Task: The output should be exactly the lines from the one containing "Back exterior of" through the last line of the records, and only those.

Records provided:
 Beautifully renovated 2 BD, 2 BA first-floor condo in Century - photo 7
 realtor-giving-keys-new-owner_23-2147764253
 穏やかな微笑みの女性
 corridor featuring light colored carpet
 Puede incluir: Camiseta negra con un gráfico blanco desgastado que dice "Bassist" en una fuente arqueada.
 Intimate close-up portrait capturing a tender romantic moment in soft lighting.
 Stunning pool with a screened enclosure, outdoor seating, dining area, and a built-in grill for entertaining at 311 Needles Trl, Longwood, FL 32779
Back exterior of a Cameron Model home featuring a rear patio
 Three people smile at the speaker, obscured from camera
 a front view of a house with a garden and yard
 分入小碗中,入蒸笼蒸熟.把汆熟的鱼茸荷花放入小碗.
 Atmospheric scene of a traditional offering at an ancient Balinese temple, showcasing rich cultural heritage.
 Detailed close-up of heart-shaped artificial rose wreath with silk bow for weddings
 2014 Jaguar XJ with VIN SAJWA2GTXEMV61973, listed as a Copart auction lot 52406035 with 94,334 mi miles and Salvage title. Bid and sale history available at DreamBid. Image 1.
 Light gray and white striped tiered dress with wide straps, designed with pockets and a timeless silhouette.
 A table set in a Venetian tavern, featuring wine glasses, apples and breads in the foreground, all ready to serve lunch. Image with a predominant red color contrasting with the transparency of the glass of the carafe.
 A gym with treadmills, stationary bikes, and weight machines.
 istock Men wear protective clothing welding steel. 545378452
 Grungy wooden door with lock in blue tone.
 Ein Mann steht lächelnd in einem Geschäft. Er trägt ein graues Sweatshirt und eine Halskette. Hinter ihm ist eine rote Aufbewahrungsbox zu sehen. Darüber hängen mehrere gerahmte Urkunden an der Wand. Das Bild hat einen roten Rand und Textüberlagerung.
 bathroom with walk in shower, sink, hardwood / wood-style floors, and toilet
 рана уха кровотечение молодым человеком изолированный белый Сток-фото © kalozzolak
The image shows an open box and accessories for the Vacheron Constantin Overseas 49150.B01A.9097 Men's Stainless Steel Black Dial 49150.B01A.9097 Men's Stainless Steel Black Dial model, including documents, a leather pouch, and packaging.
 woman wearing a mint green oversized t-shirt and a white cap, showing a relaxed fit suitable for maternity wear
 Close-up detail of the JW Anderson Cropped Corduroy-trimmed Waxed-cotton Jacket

Exercise answer:
Back exterior of a Cameron Model home featuring a rear patio
 Three people smile at the speaker, obscured from camera
 a front view of a house with a garden and yard
 分入小碗中,入蒸笼蒸熟.把汆熟的鱼茸荷花放入小碗.
 Atmospheric scene of a traditional offering at an ancient Balinese temple, showcasing rich cultural heritage.
 Detailed close-up of heart-shaped artificial rose wreath with silk bow for weddings
 2014 Jaguar XJ with VIN SAJWA2GTXEMV61973, listed as a Copart auction lot 52406035 with 94,334 mi miles and Salvage title. Bid and sale history available at DreamBid. Image 1.
 Light gray and white striped tiered dress with wide straps, designed with pockets and a timeless silhouette.
 A table set in a Venetian tavern, featuring wine glasses, apples and breads in the foreground, all ready to serve lunch. Image with a predominant red color contrasting with the transparency of the glass of the carafe.
 A gym with treadmills, stationary bikes, and weight machines.
 istock Men wear protective clothing welding steel. 545378452
 Grungy wooden door with lock in blue tone.
 Ein Mann steht lächelnd in einem Geschäft. Er trägt ein graues Sweatshirt und eine Halskette. Hinter ihm ist eine rote Aufbewahrungsbox zu sehen. Darüber hängen mehrere gerahmte Urkunden an der Wand. Das Bild hat einen roten Rand und Textüberlagerung.
 bathroom with walk in shower, sink, hardwood / wood-style floors, and toilet
 рана уха кровотечение молодым человеком изолированный белый Сток-фото © kalozzolak
The image shows an open box and accessories for the Vacheron Constantin Overseas 49150.B01A.9097 Men's Stainless Steel Black Dial 49150.B01A.9097 Men's Stainless Steel Black Dial model, including documents, a leather pouch, and packaging.
 woman wearing a mint green oversized t-shirt and a white cap, showing a relaxed fit suitable for maternity wear
 Close-up detail of the JW Anderson Cropped Corduroy-trimmed Waxed-cotton Jacket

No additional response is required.